WORK REQUIRED
What you return must match the listing below character for character, minus any pictures.
── INFORMATION
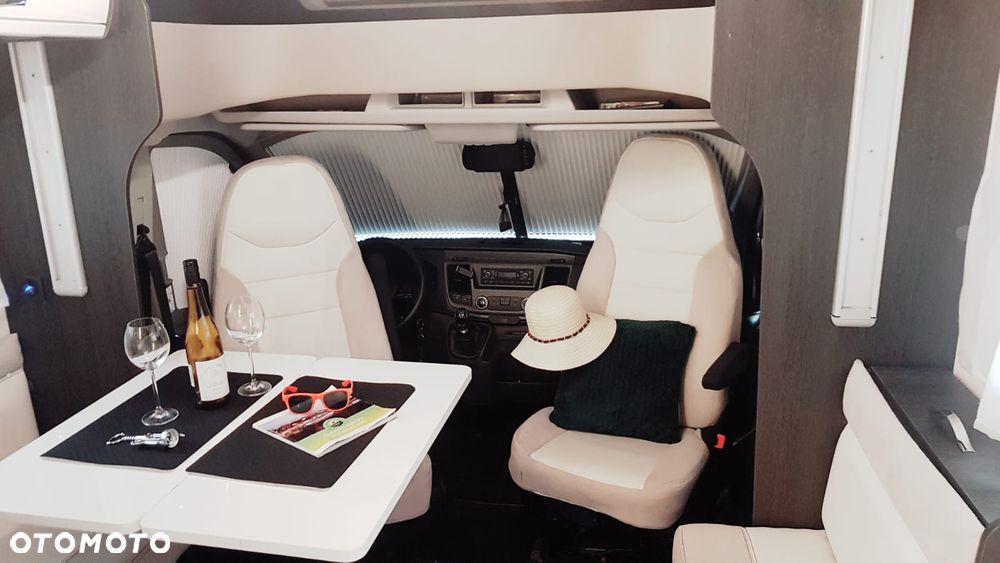 Ford Kronos 268 TL - 9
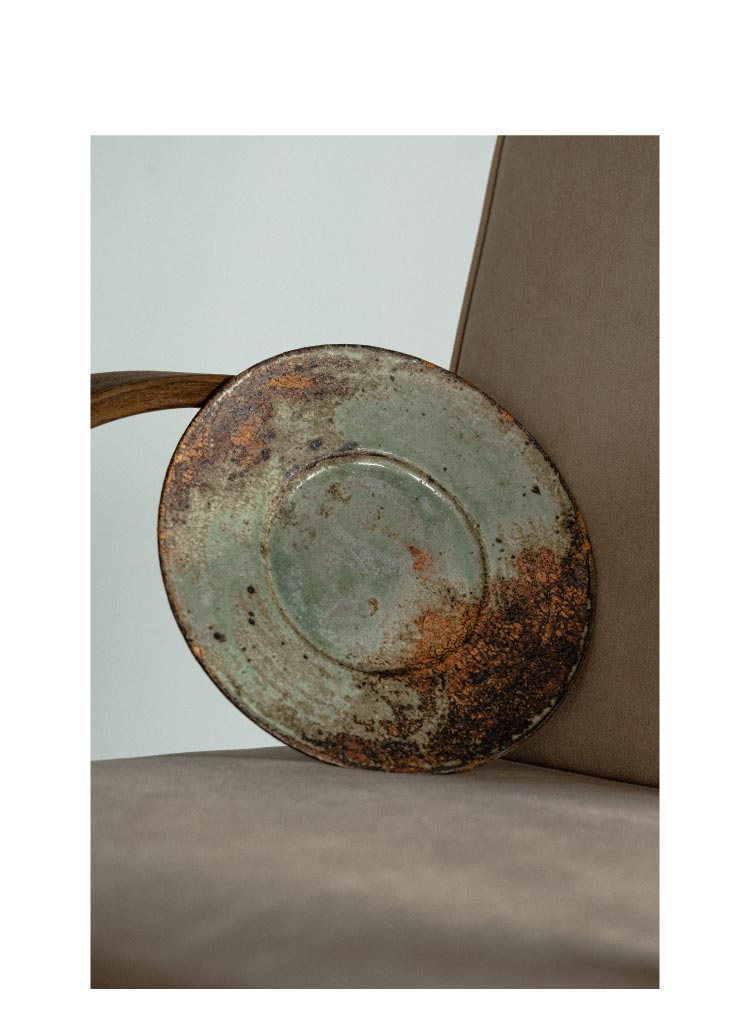 Tetsuya Kobayashi　作品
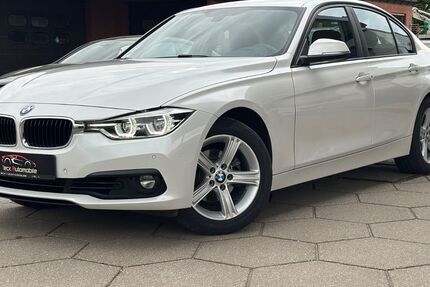 BMW 318 61.500 km 17.900 &euro; Unterensingen 72669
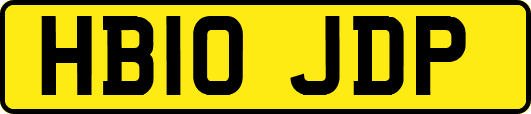 HB10JDP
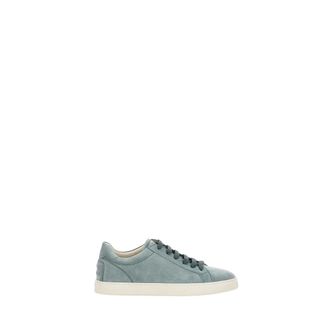 Tod's Uomo, Scarpe, Grigio, 45 EU, new
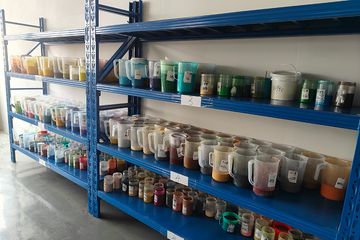 Factory facility photo 5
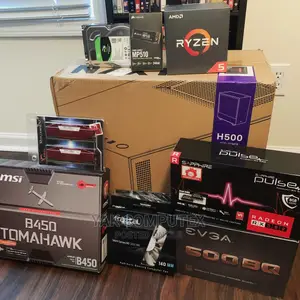 New MSI Gaming 24GE 2QE 4K 16GB AMD Ryzen SSHD (Hybrid) 1.5T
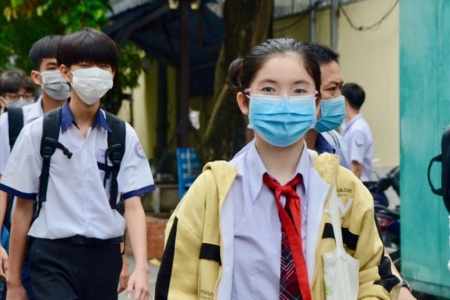 TP.HCM: Hủy toàn bộ nội dung đề thi và giải phóng hội đồng in sao đề thi vào lớp 10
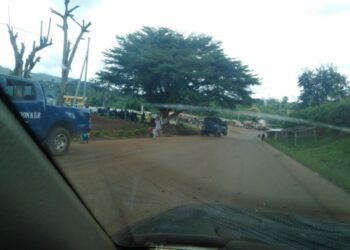 Côte d’Ivoire/Vive tension à Gombelo après le décès d’un jeune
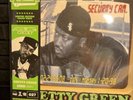 Project Pat Ghetty Green OBI Ltd /1000 Sapphire Smoke  (1) Vinyl In Hand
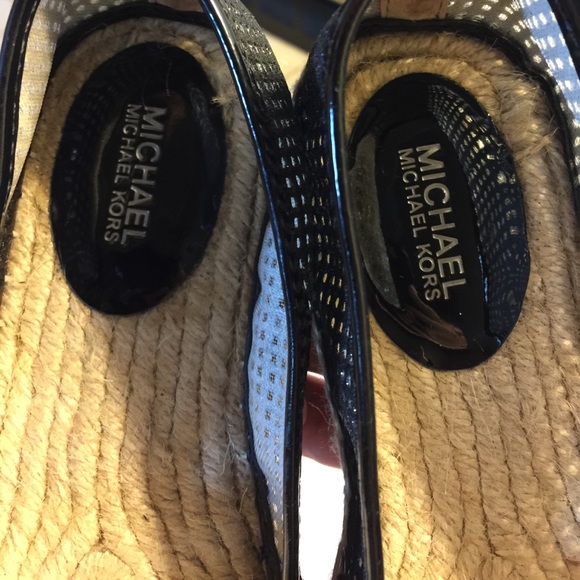 Michael Kors Flats - Picture 3 of 6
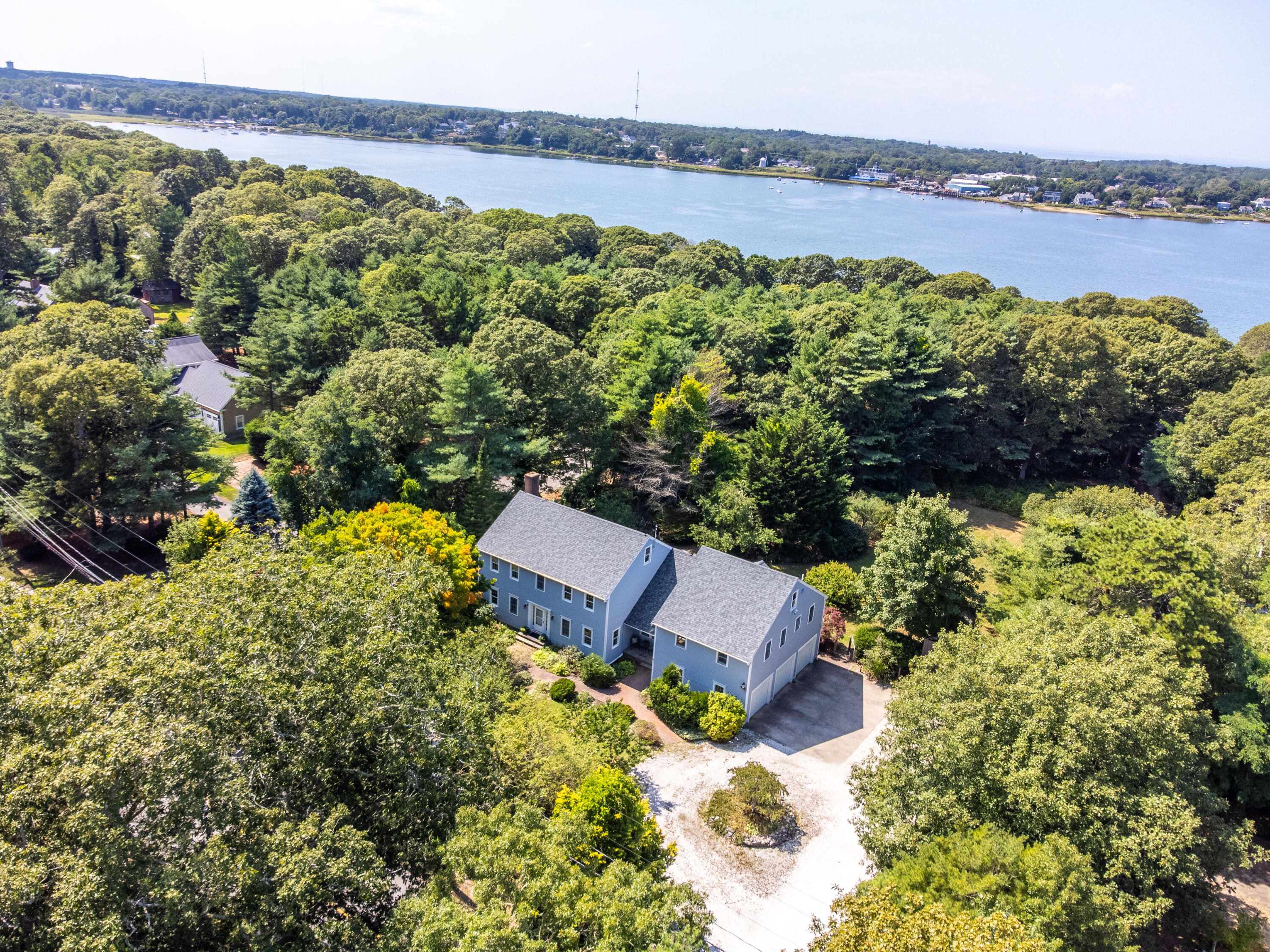 172 Tonset Road Orleans MA 02653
────
PROBLEM SOLUTION
 Ford Kronos 268 TL - 9
 Tetsuya Kobayashi　作品
 BMW 318 61.500 km 17.900 &euro; Unterensingen 72669
 HB10JDP
 Tod's Uomo, Scarpe, Grigio, 45 EU, new
 Factory facility photo 5
 New MSI Gaming 24GE 2QE 4K 16GB AMD Ryzen SSHD (Hybrid) 1.5T
 TP.HCM: Hủy toàn bộ nội dung đề thi và giải phóng hội đồng in sao đề thi vào lớp 10
 Côte d’Ivoire/Vive tension à Gombelo après le décès d’un jeune
 Project Pat Ghetty Green OBI Ltd /1000 Sapphire Smoke  (1) Vinyl In Hand
 Michael Kors Flats - Picture 3 of 6
 172 Tonset Road Orleans MA 02653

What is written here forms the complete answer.